Poet and author Ocean Vuong

Poet and author Ocean Vuong

Some book purists may cringe at this, but one test of a great book, to me, is how many pages are dogeared by the time I finish. Those are the ones I tuck on a shelf, reluctant to take them to the Little Free Library down the street or even to loan them to a friend, lest they never find their way back. I delude myself into thinking I will re-read them someday, wondering what I found to stop me on the dogeared pages and then finding new things to mark.

The re-reads seldom happen because, well, life does, and there are more books. My shelves are as limited as my time. I get better at letting go and making room.

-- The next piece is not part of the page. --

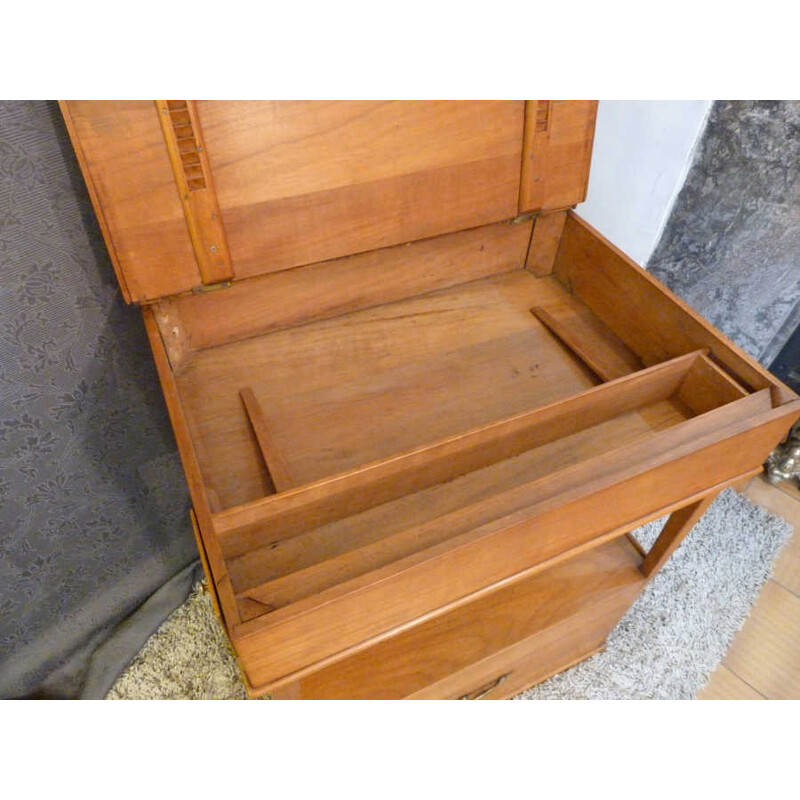 Small drawing desk and cabinet in cherry wood - 1930s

But before I do, I check for riches beneath those folded corners. Often it is a line of metaphor or a sensory description I find familiar and yet brand new. Bur sometime it is a moment that speaks to the writing itself. And the best time is when it speaks to the power and imperative of storytelling.

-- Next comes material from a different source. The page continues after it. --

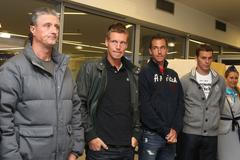 Daviscupová reprezentace na Hlavním nádraží: Navrátil, Berdych, Rosol, Čermák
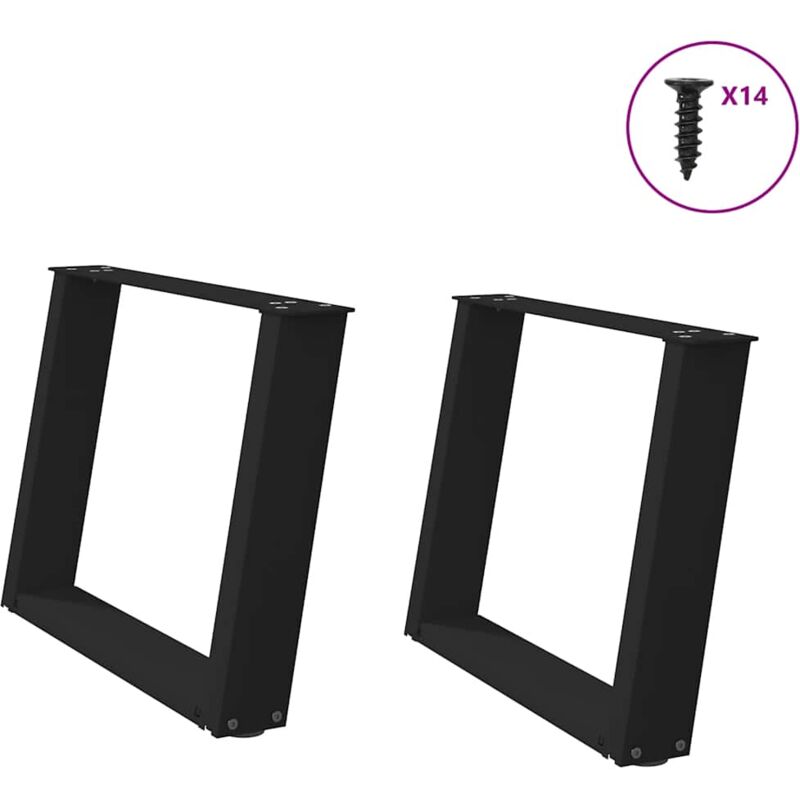 foto del prodotto gambe per tavolino da caff a forma di u 2 pz nere 60x 42 43 cm acciaio vidaxl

Poet Ocean Vuong’s debut novel, “On Earth We’re Briefly Gorgeous,” is one of those best times. It took me two years, after it was published and urged on me by friends and trusted book editors, to get to it. When I did, I was reminded that another test of a great book is that it is timeless. No matter it wasn’t read for a year or for decades after it was published. It shimmers and grips — Yes, because of the story it tells, but also because of the writing, and those shards of writing that make you pause and re-read and catch your breath and wonder how a writer did that and why you can’t and, at core, why we write.

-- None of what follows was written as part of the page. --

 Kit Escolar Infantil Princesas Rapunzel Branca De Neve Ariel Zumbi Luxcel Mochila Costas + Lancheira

My copy of “On Earth” bulged fat with dogeared pages. Treasures all. But because this is a semi-autobiographical novel, and because it is framed as a young man’s letter to his broken mother, the limitations and hopes of writing itself become characters. Thus, the line, “That’s what writing is, after all the nonsense …”

The full passage:

You asked me what it’s like to be a writer and I’m giving you a mess, I know. But it’s a mess, Ma—I’m not making this up. I made it down. That’s what writing is, after all the nonsense, getting down so low the world offers a merciful new angle, a larger vision made of small things, the lint suddenly on a huge sheet of fog exactly the size of your eye. And you look through it and see the thick steam in the all-night bathhouse in Flushing, where someone reached out to me once, traced the trapped flute of my collarbone. I never saw that man’s face, only the gold-rimmed glasses floating in the fog. And then the feeling, the velvet heat of it, everywhere inside me.

Is that what art is? To be touched thinking what we feel is ours when, in the end, it was someone else, in longing, who finds us?

Who among us, no matter what we write, don’t want to reach that person who finds themselves, and us, in our work?